Reconstruction in the United States

Reconstruction era in Charleston, South Carolina
Reconstruction era in Charleston, South Carolina

The era of Reconstruction was from 1865 to 1877 when Americans tried to reunite a nation shattered by Civil War. It generated bitterness and controversy. The people who lived through Reconstruction viewed it from sharply different perspectives. Many white southerners saw it as a devastating experience, a time when vindictive northerners humiliated the South and delayed reunification.

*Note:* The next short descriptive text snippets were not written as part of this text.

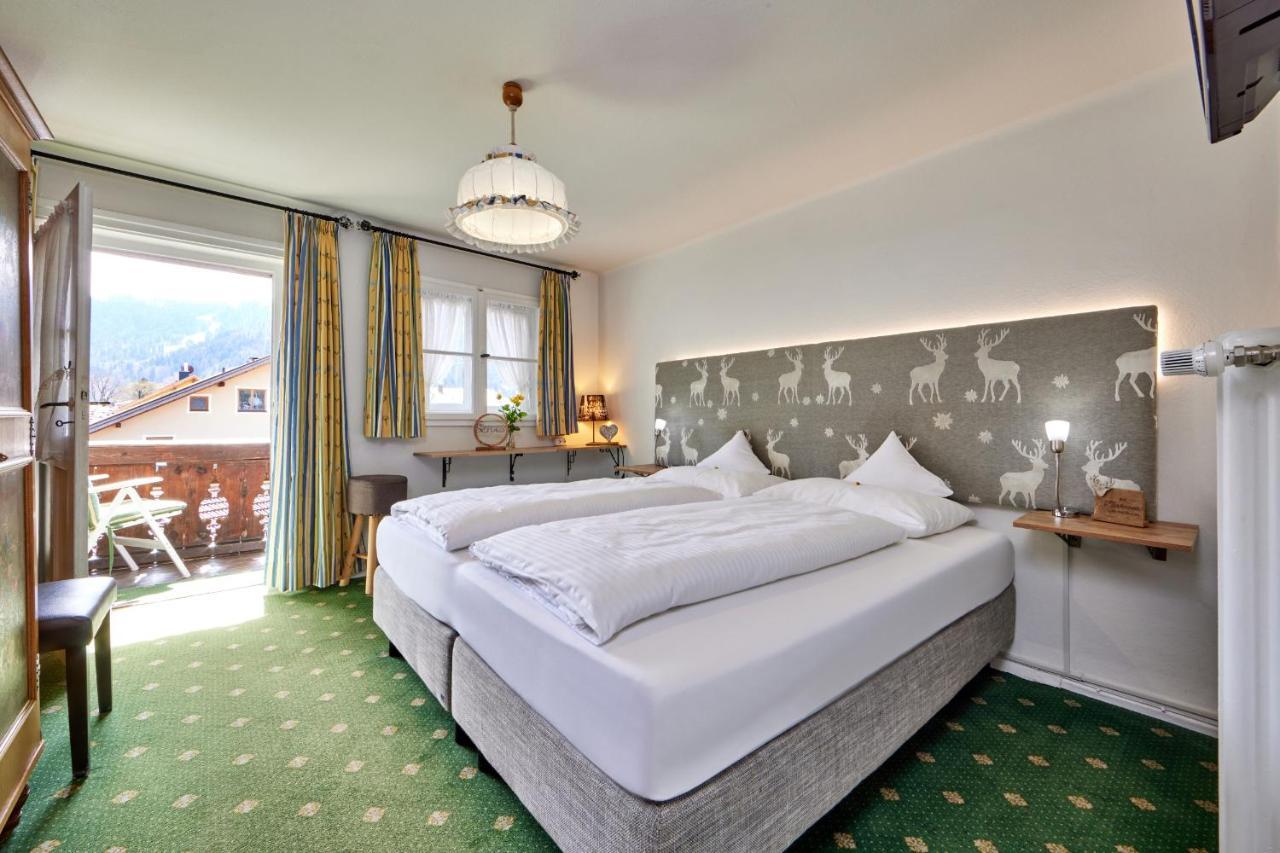 Gaestehaus Angela Garmisch-Partenkirchen Buitenkant foto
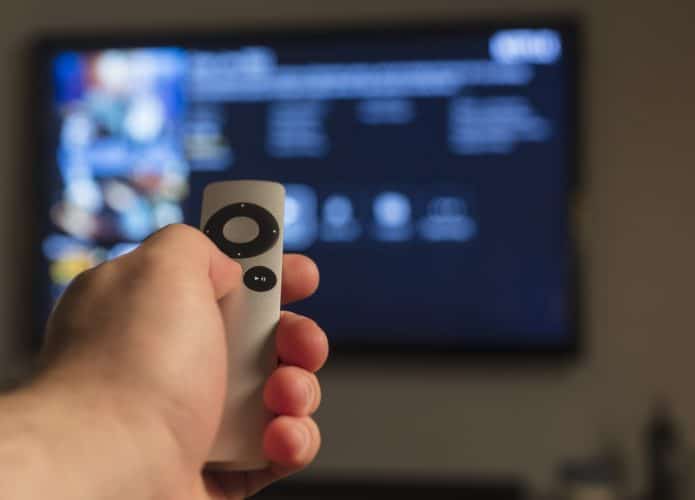 Pessoa mexendo em sua Apple TV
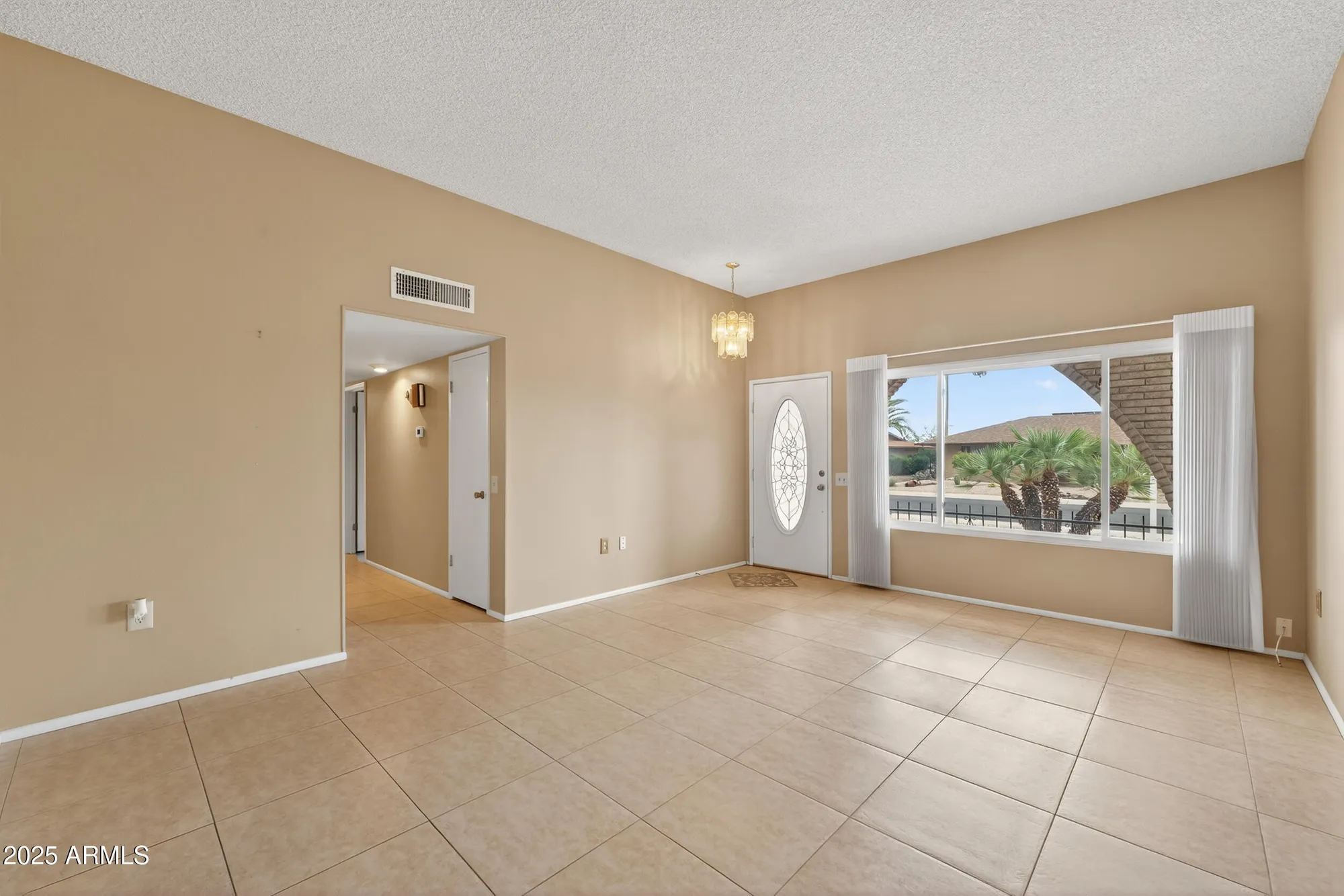 Property Slideshow image 8 of 46 | 16829 n orchard hills dr, Sun City, AZ, 85351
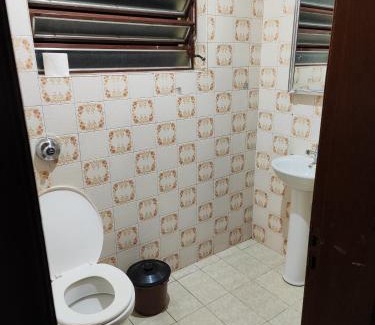 Nossa Senhora de Lourdes Casa | Quarto inferior 10 pessoas.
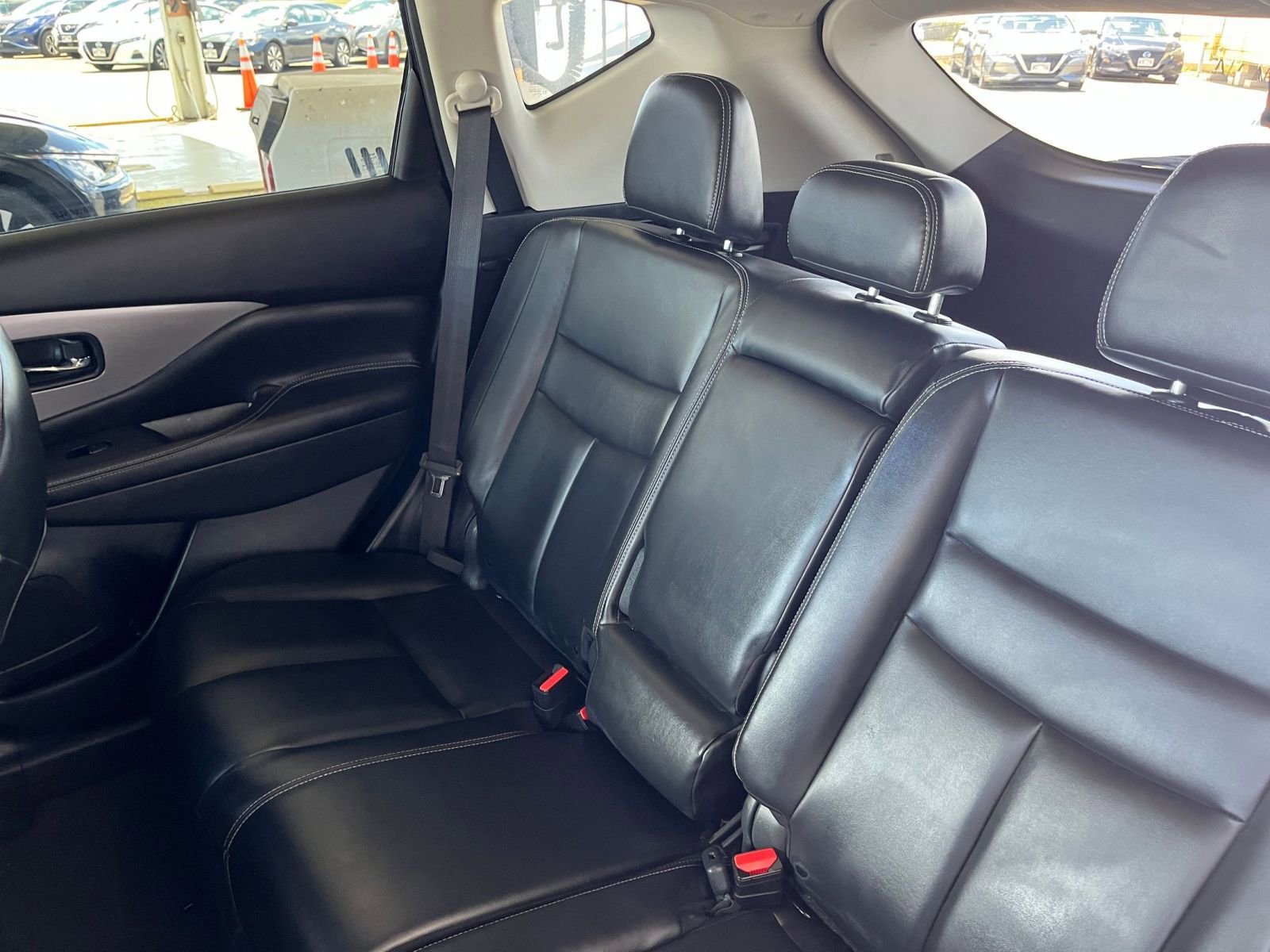 Used 2023 Nissan Murano SV image 39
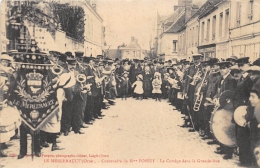 ORNE  61  LE MERLERAULT  CENTENAIRE DE MADAME FOSSEY  LE CORTEGE DANS LA GRANDE RUE  SANTE  FETE - Le Merlerault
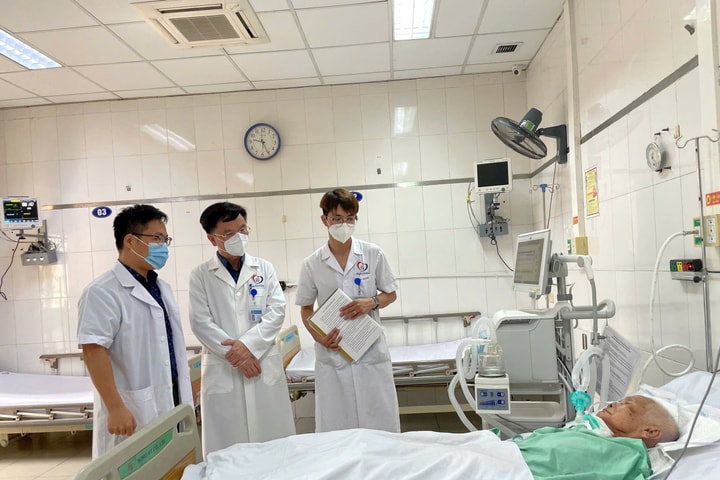 Hà Nội: Tăng cường quản lý hoạt động hành nghề y, dược ngoài công lập, đặc biệt có yếu tố nước ngoài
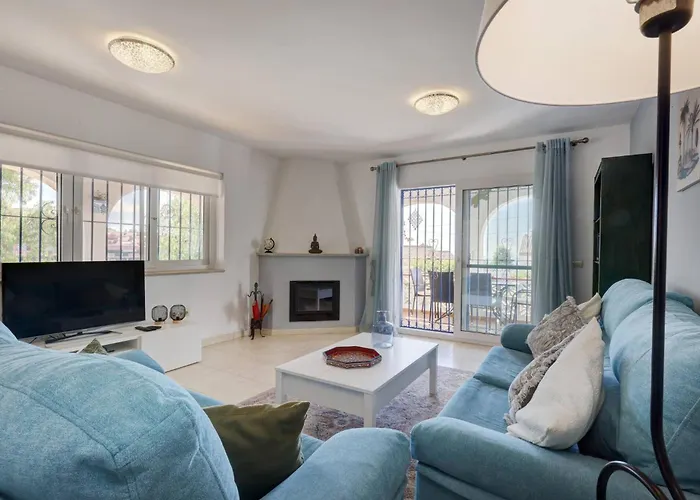 089 Traditional Andalusian 3 Bed With Private Pool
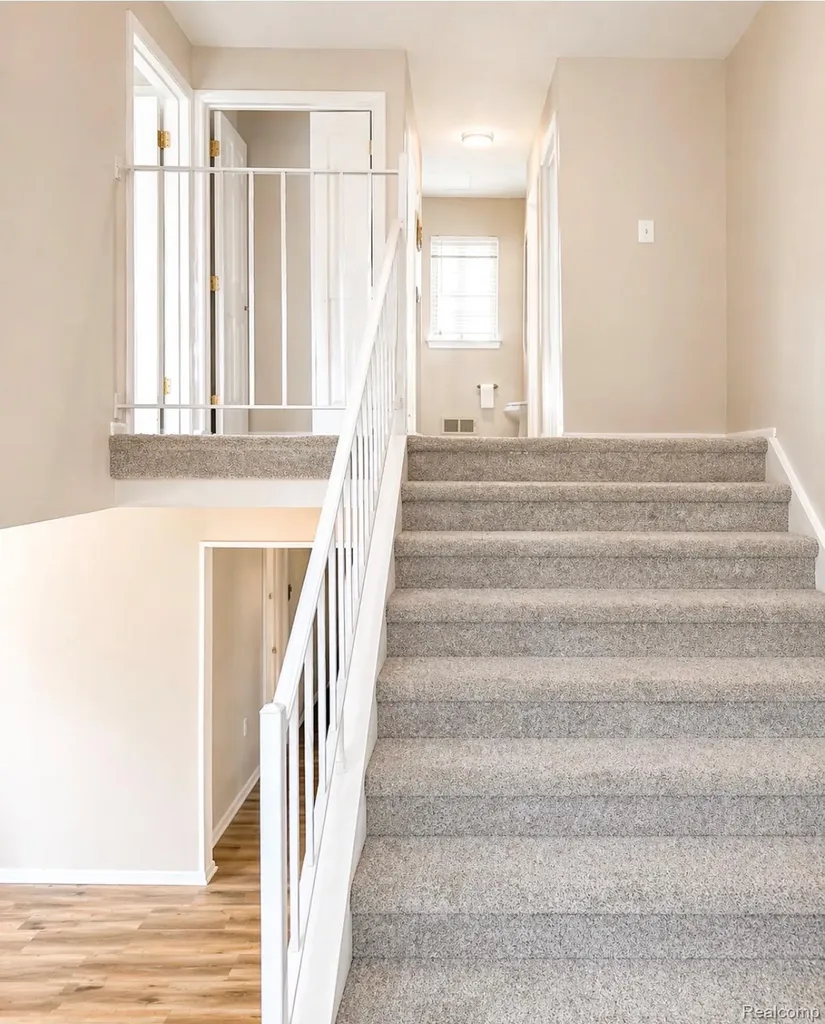 40812 Highpointe Drive Clinton Charter Township MI 48038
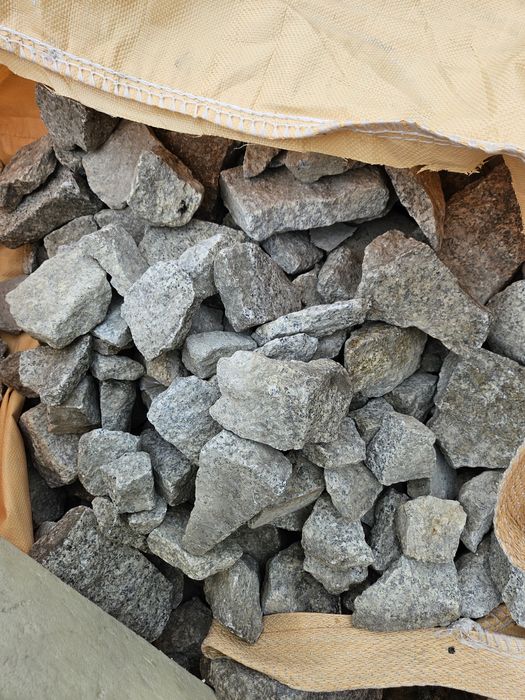 Kostka granitowa, gabiony, kamień nieregularny.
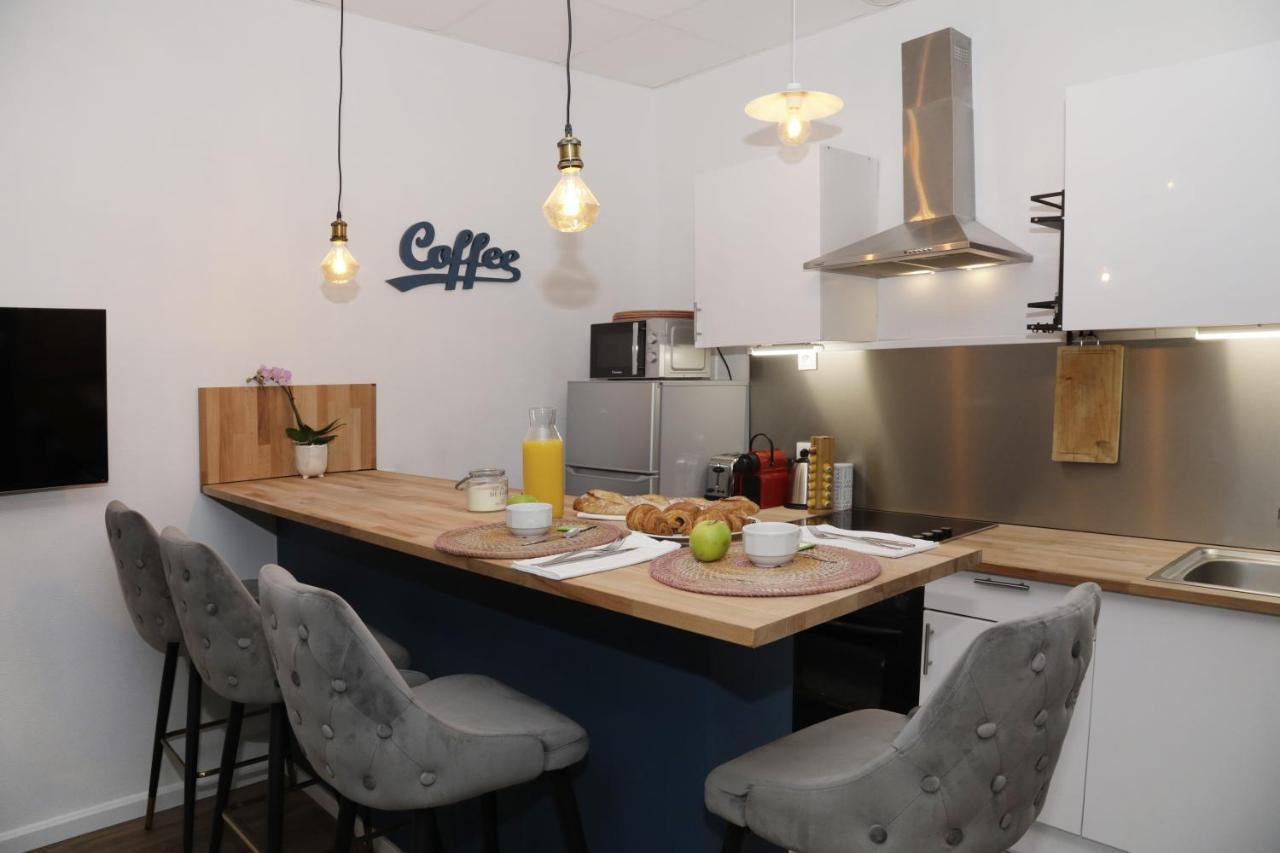 Suite Cosy Flat - Hyper-Centre Avec Sauna Privatif サンリス エクステリア 写真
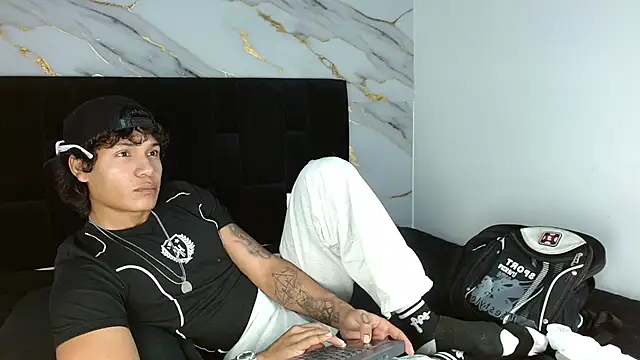 MaximilianRoth's Webcam Show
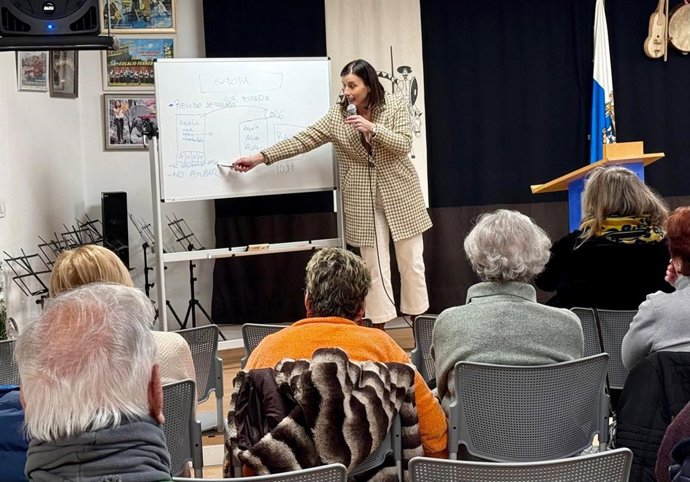 La alcaldesa de Santander, Gema Igual, informa a los vecinos en los centros cívicos sobre la tasa de gestión de residuos y sus las bonificaciones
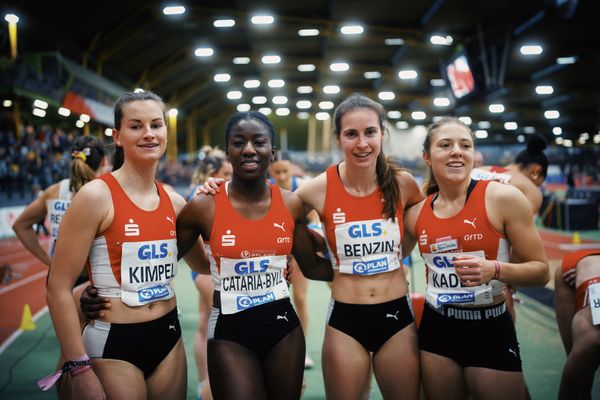 Lea Kimpel (LG Olympia Dortmund), Brenda Byll Cataria (LG Olympia Dortmund), Sophie Lea Benzin (LG Olympia Dortmund), Lilly Kaden (LG Olympia Dortmund) bei den Deutschen Leichtathletik-Hallenmeisterschaften am 19.02.2023 in der Helmut-Koernig-Halle in Dortmund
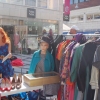 Eva (owner of Dreamers..) setting up 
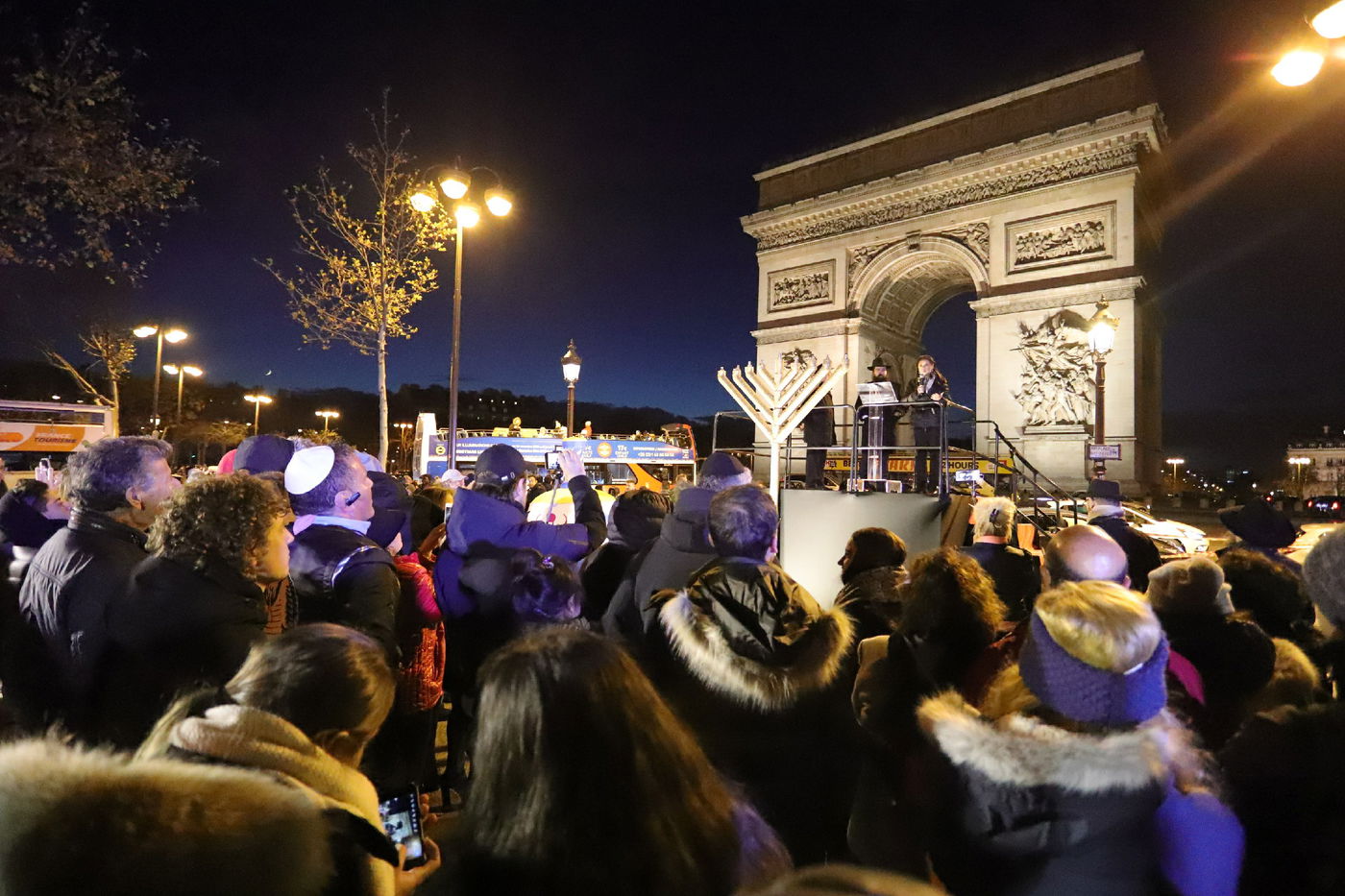 נר שמיני של חנוכה בשער הניצחון בפריז • תיעוד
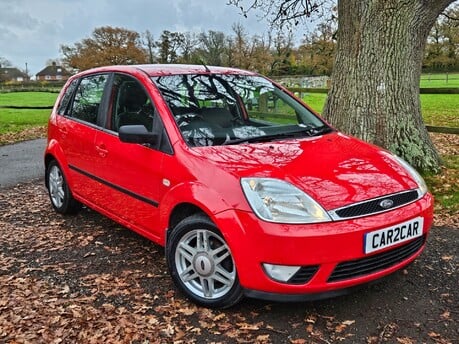 Ford Fiesta GHIA 16VJust Serviced New MOT and New Clutch New Tyres Great 1st Car!!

Northerners argued that forcible federal intervention was the only way to stop the old southern aristocracy from returning and subjugating their former slaves and to keep die-hard Confederates from restoring southern society to the way it had been before the war.

Many considered Reconstruction significant for other reasons. They saw it as a small but important first step to putting former slaves on the path to claiming their civil rights and accumulating economic power.


Reconstruction did not bring African Americans enough legal protection or material resources to assure them anything resembling equality, and when it ended in 1877 the federal government abandoned the freed slaves to a system of economic serfdom and legal subordination. The African Americans who continued to live in what came to be called the New South could only produce token resistance to the new southern system for the remainder of the 19th century.

The Problems of Peace

Emancipation had stripped many white southerners of their slaves, and they had no capital and almost no personal property for rebuilding their lives and fortunes. Towns were gutted, plantations burned, fields grown to weeds, and bridges and railroads destroyed. Many white southerners faced starvation and homelessness.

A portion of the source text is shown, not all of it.